She is an uppity, unruly octogenarian woman, living a life enriched by the power inherent in all handcrafted art objets. Though she graduated from The University of Vermont ‘63 with unofficial majors in psychology, drama, and ancient history, she has, naturally, been a studio jeweler making her work for over four decades and she continues to make her jewels into this, the eighth decade of her life.

 

Studio jeweler, author Linda Kaye-Moses enrolled in a one-semester, one-night-a-week class in 1976, where she learned to saw and solder metal. The other students winced and complained that the sound of the saw on metal hurt their ears, but she was so engaged in the manipulation of the metal, she never heard the sound, and has never looked back. 

 

Kaye-Moses has exhibited her jewels at major juried shows, including The Smithsonian Craft Show.

 

She curated the exhibitions:

       Millennial Metal; The Art of Precious Metal Clay

                         (Bignell Gallery);

       Re-Collected/Re-Invented; the Narrative Craft Object

                         (Bignell Gallery).

She was a final juror for The Saul Bell Design Awards.
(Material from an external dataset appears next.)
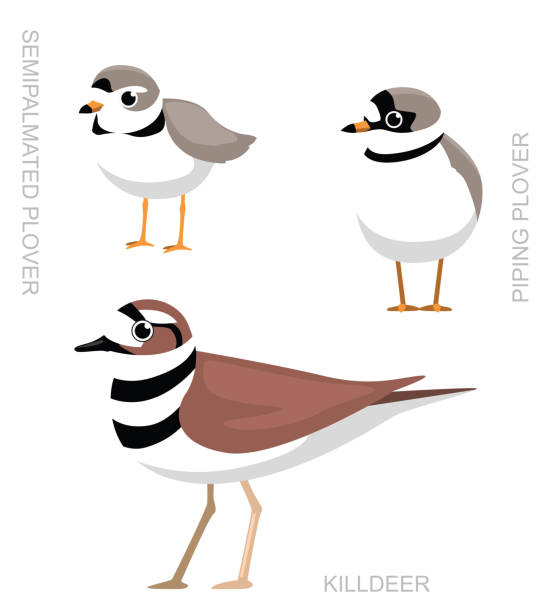 niedliche vogel regenpfeifer killdeer set cartoon vektor - charadrius stock-grafiken, -clipart, -cartoons und -symbole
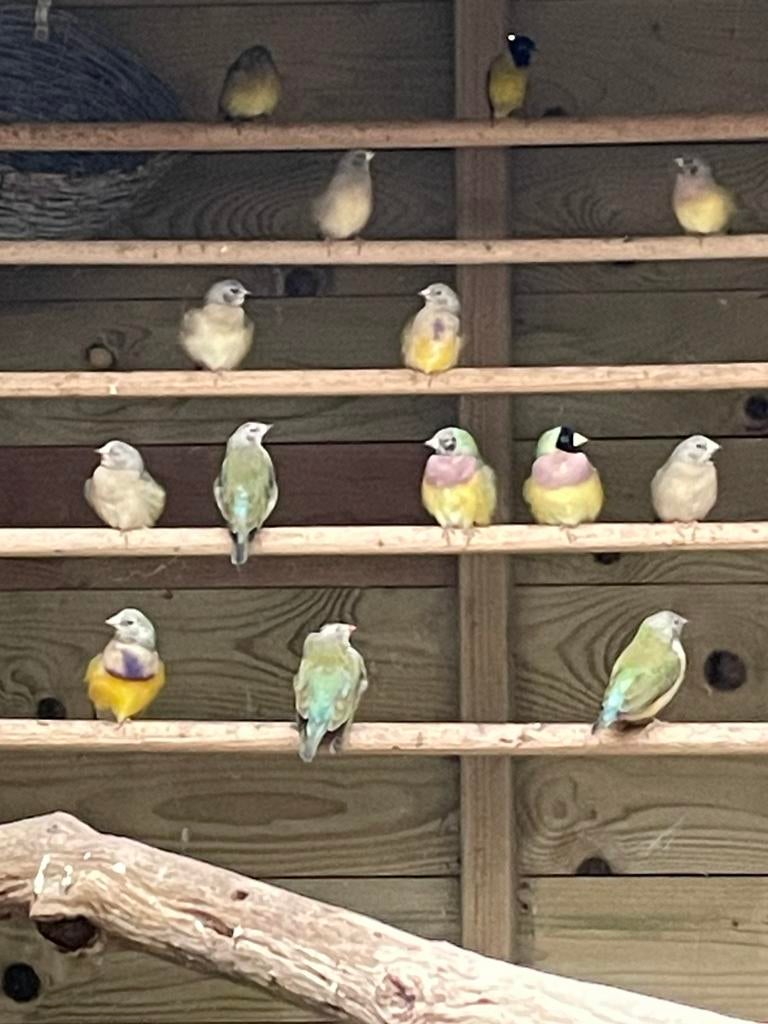 Jonge goulds, gould ammadine, Meerdere dieren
Her work has been published in many books, including:

        In the Picture; Framing the Visual Arts

                       (Oxford University Press, Australia);

        Art Jewelry Today & Art Jewelry Today 2, 3, & 4

                       (Schiffer Publishing)

        Fabulous Jewelry from Found Objects

 

From 1994-2002 Kaye-Moses initiated, developed and was the Metal Studio Department Head at Interlaken School of Art (Stockbridge, MA), where she both taught and programmed jewelry making classes. She taught at many locations in the USA and, in 2001 taught three workshops in New Zealand. She continues to teach currently.

 

She authored Pure Silver Metal Clay Beads and

Roots, Stems, and Branches; A Recollection.

 

She has received two Massachusetts Arts Lottery Council Grants, three Massachusetts Cultural Council Professional Development Grants; a Niche Award; and twice was a Saul Bell Design Award Finalist. 

 

She was honored when her neckpiece, Artemisia Liberata won First Prize in the international AMCAW 2021 Alchemy Challenge Competition. Her work was recently exhibited in 2022 in Makers and Mentors: The Art and Life of Snow Farm—The New England Craft Program at the Fuller Craft Museum; in 2022, Superbly Sintered, the international biennial exhibition of AMCAW; and from 2022-2023 in “Alchemy6” the biennial international Enamelist Society exhibition.

 

She lives with her husband in an old farmhouse in the Berkshire Hills of Massachusetts, USA, surrounded by lilacs.